Wednesday, October 1, 2014

MY TANGO ENCUENTRO

         
I grew up with the tango, never understanding exactly what it was, only that it spoke to me. When I was very young there were a few popular tango songs I loved that almost always were played as campy parodies, you know the rose in the teeth type thing—"Hernando’s Hideaway," "Jealousy," "Kiss of Fire," "La Cumparsita." Many Broadway musicals featured a tango number—for example, Kiss of the Spider Woman, Pajama Game, Chicago.
The pianist at my ballet school chose to play tangos for the grand battements at the barre, inspiring me to kick higher and with more passion.

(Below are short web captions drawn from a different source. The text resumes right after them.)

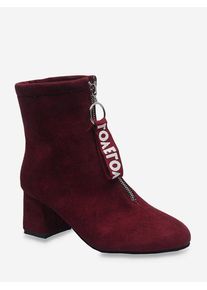Letter O-ring Zip Chunky Heel Ankle Boots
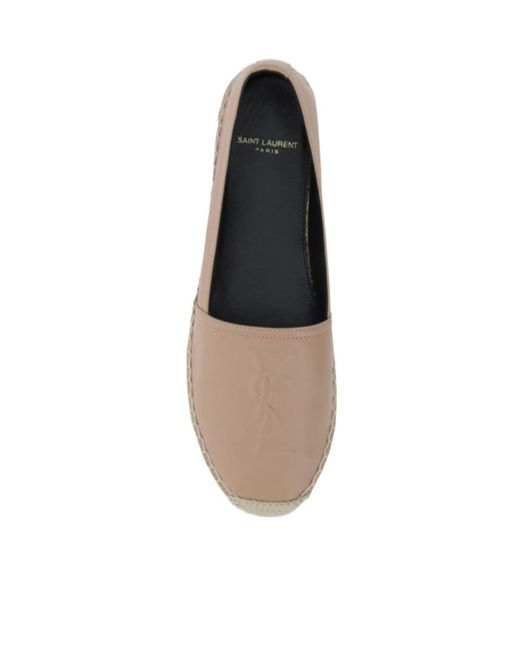 Saint Laurent Brown Cassandre Slip-On Espadrilles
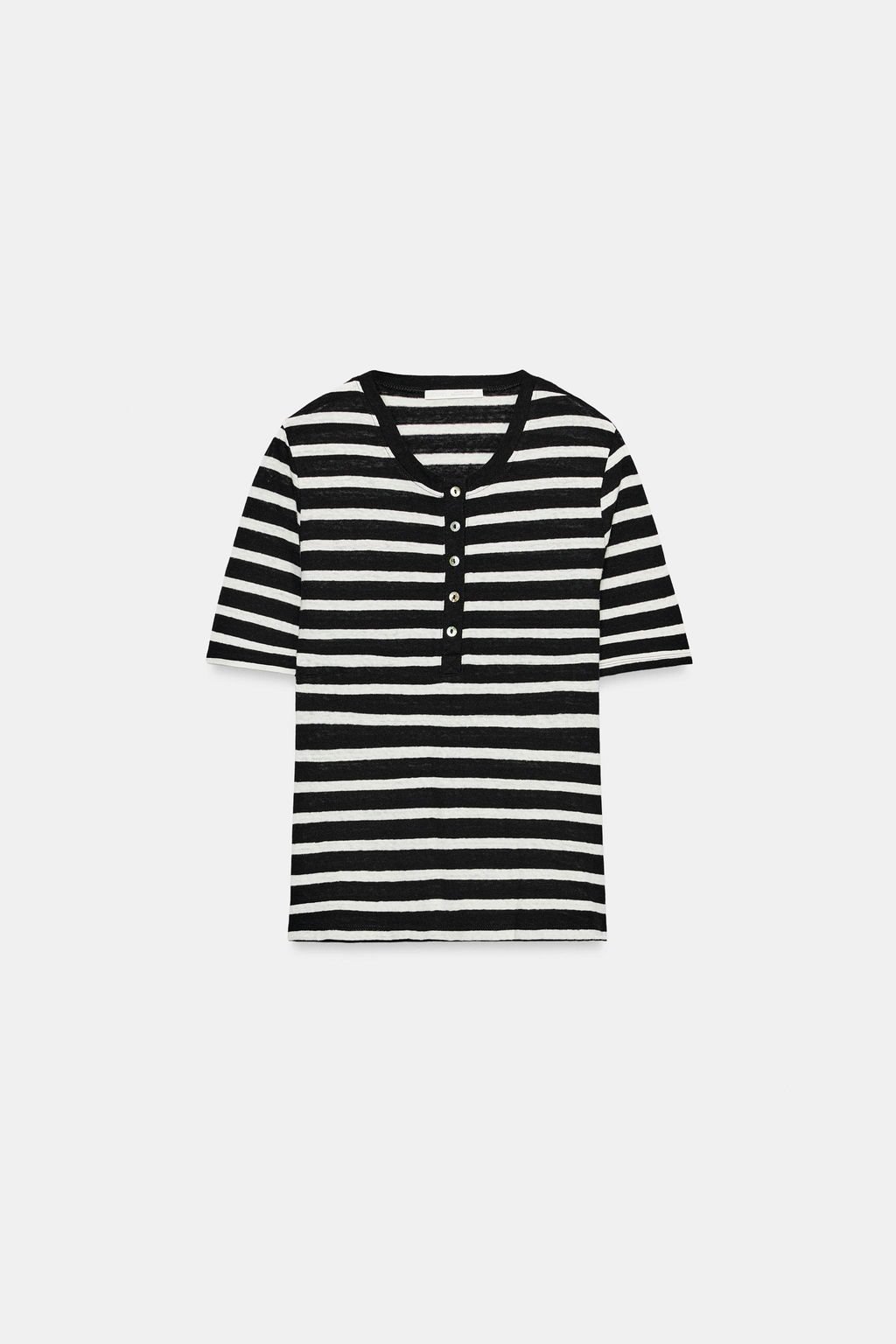 CAMISETA BOTONES CON LINO / Crudo / Negro - Zara фото 4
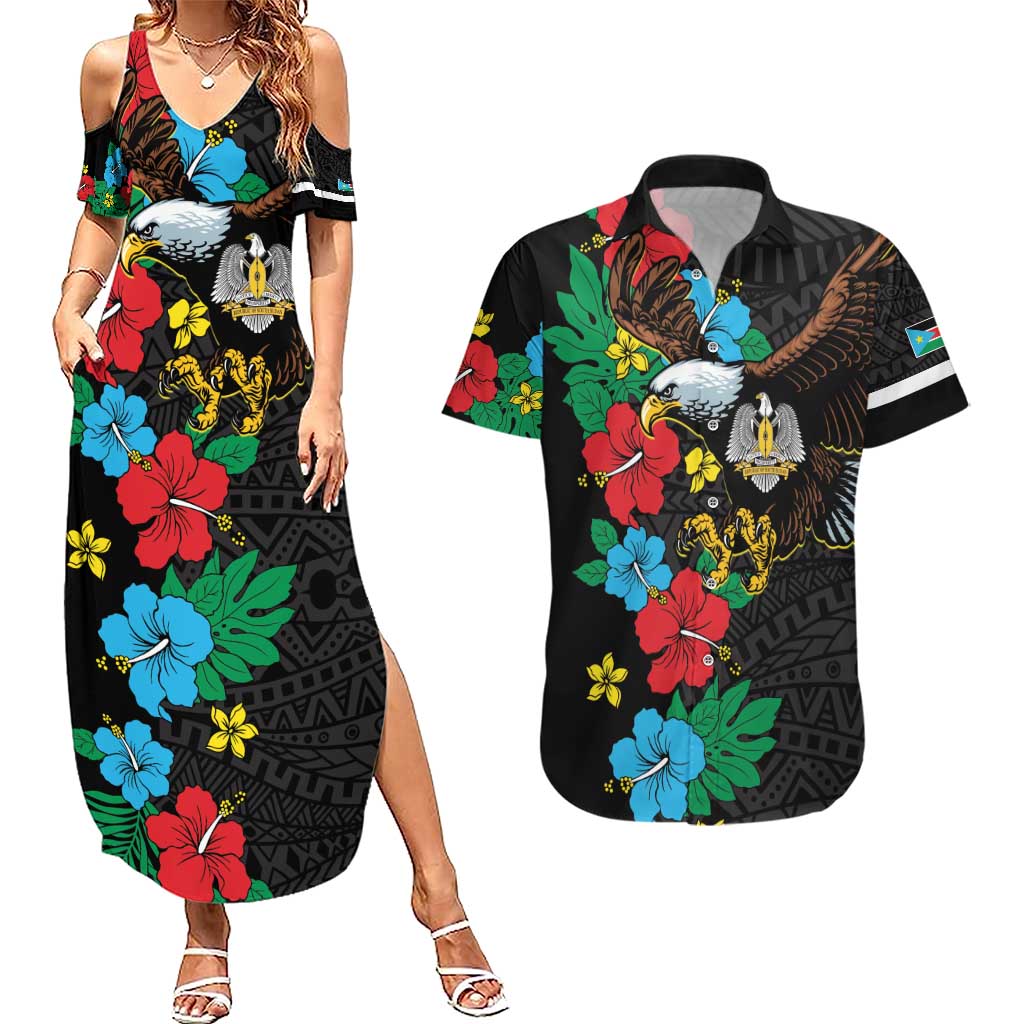 South Sudan Couples Matching Summer Maxi Dress and Hawaiian Shirt Hibiscus Floral African Pattern - Wonder Print Shop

Looking back through the piano sheet music I had collected since a child, there was a plethora of piano solos with names like "Mood Indigo," "Deep Purple," "Blue Fantasy," "Blue Moon," "Moonlight Mood," "Stella by Starlight," "Spellbound," "Manhattan Moonlight," "Moonlight in Vermont," "Autumn in New York," "Autumn Leaves," "Rhapsody in Blue"—it was a shock to see them all in a stack covering fifty years of my piano music tastes. Jewish lullabies, Armenian love songs, the second movements of symphonies touched my soul. I must have been a very sad and lonely child. 
I later realized that was the tango in me, waiting to be found; each aching diminished or augmented 7th minor modulation in these old pieces expressed my feelings. I was searching for the tango before I even knew what it was. So when I finally found a whole genre of this type of music, and music that I could even dance to, I knew I was home, that I had found my heart beat.
I was acquainted with tango music and the 2/4 tango rhythm. But Argentine tango dancing? Until I saw Tango Argentino at the Pantages Theatre in Hollywood in 1988, I had never seen tango danced. My late husband and I left the theatre, exclaiming, wow, to dance like that!
Years later, when I was a widow and alone, I ran across a flier promoting a series of eight Argentine tango classes. I took the eight lessons, and then went to Buenos Aires in 1997 on a group tango tour.
The rest—my continued visits to the Mecca of tango on short vacations, my move to Mexico and my frustration with tango there, and finally, my definitive move to Buenos Aires in 2003—is history, and the subject of The Church of Tango.